What needs to be done
Pictures stay out of the copy. Retype exactly the lines below from the one with "Photo 33 at" through the one with "2025 Volkswagen Tiguan SE photo 3".

Information
··········

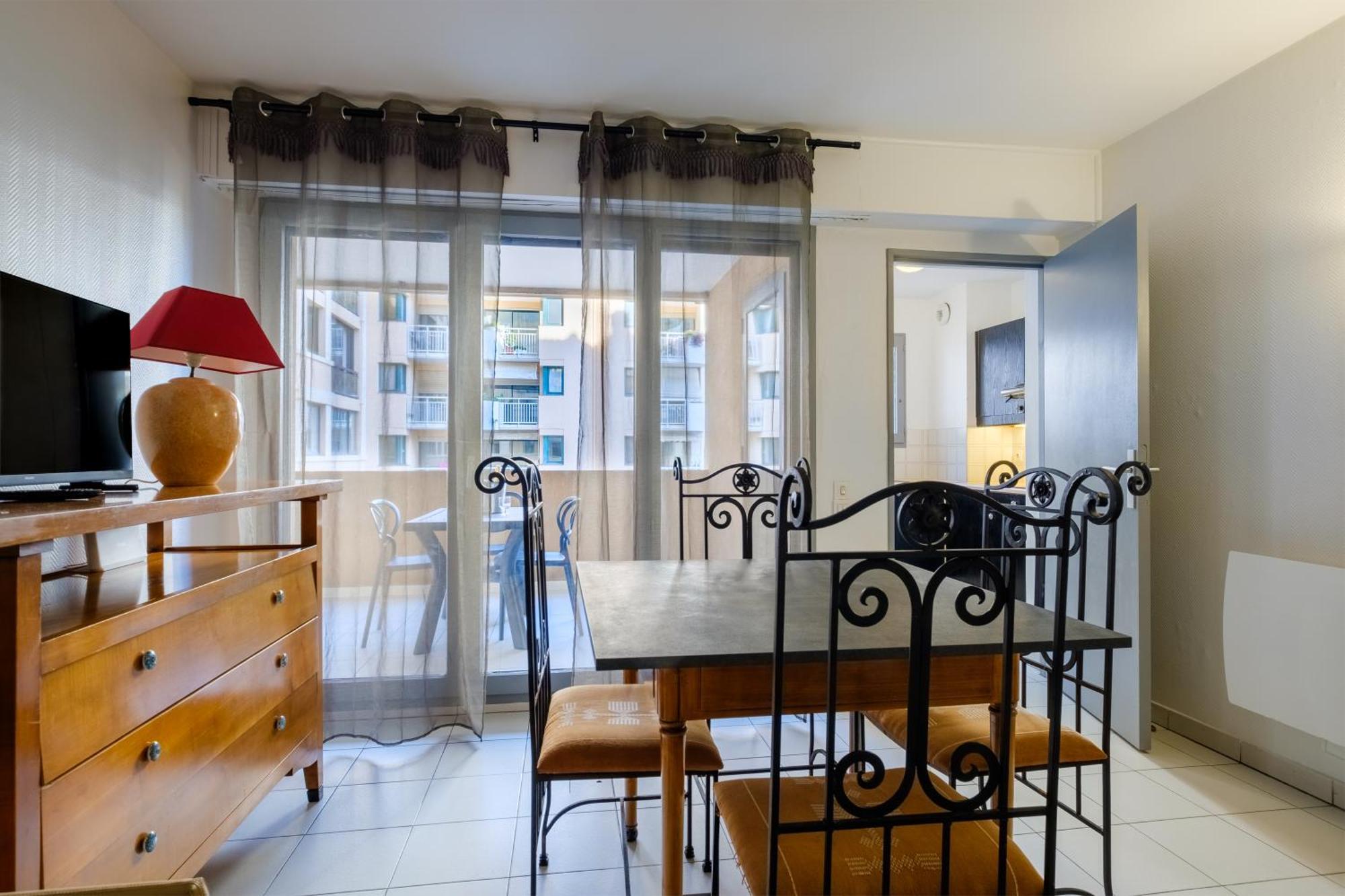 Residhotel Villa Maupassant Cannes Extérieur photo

··········

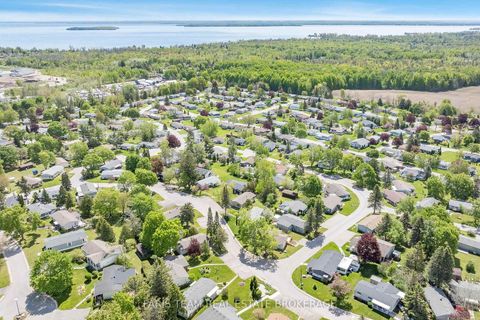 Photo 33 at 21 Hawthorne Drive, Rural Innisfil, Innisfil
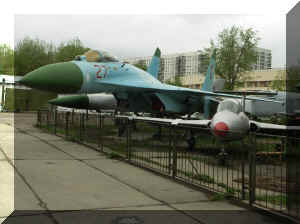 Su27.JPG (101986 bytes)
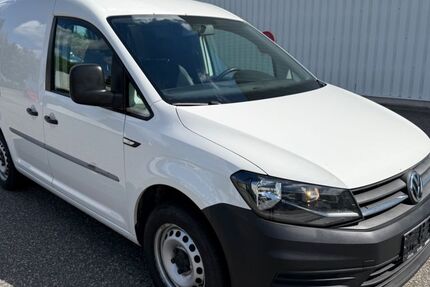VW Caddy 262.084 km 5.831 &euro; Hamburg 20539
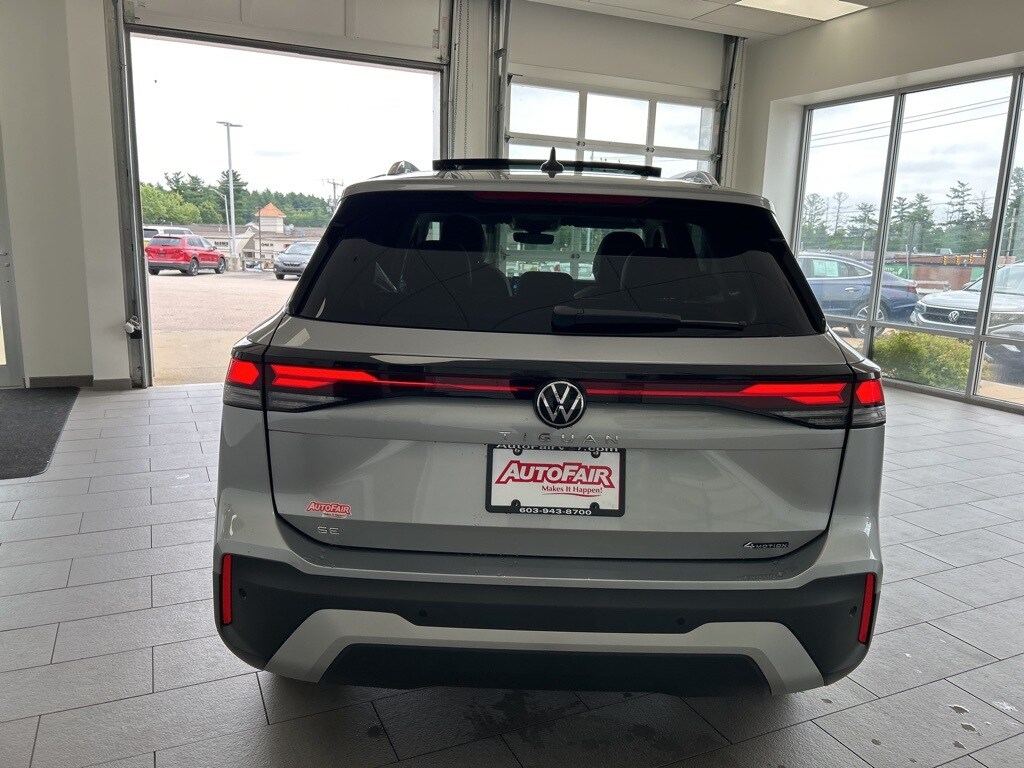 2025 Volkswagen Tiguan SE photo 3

··········

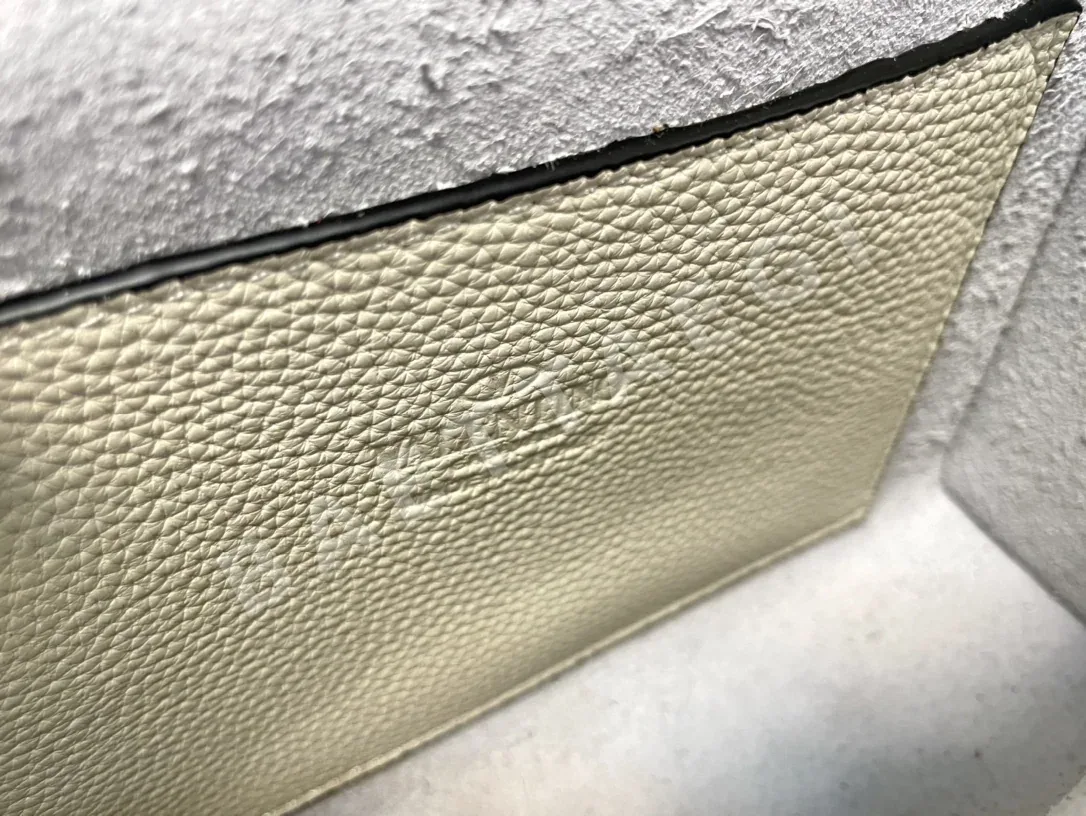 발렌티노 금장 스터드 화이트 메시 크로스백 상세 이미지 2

··········

Output of the task
 Photo 33 at 21 Hawthorne Drive, Rural Innisfil, Innisfil
 Su27.JPG (101986 bytes)
VW Caddy 262.084 km 5.831 &euro; Hamburg 20539
 2025 Volkswagen Tiguan SE photo 3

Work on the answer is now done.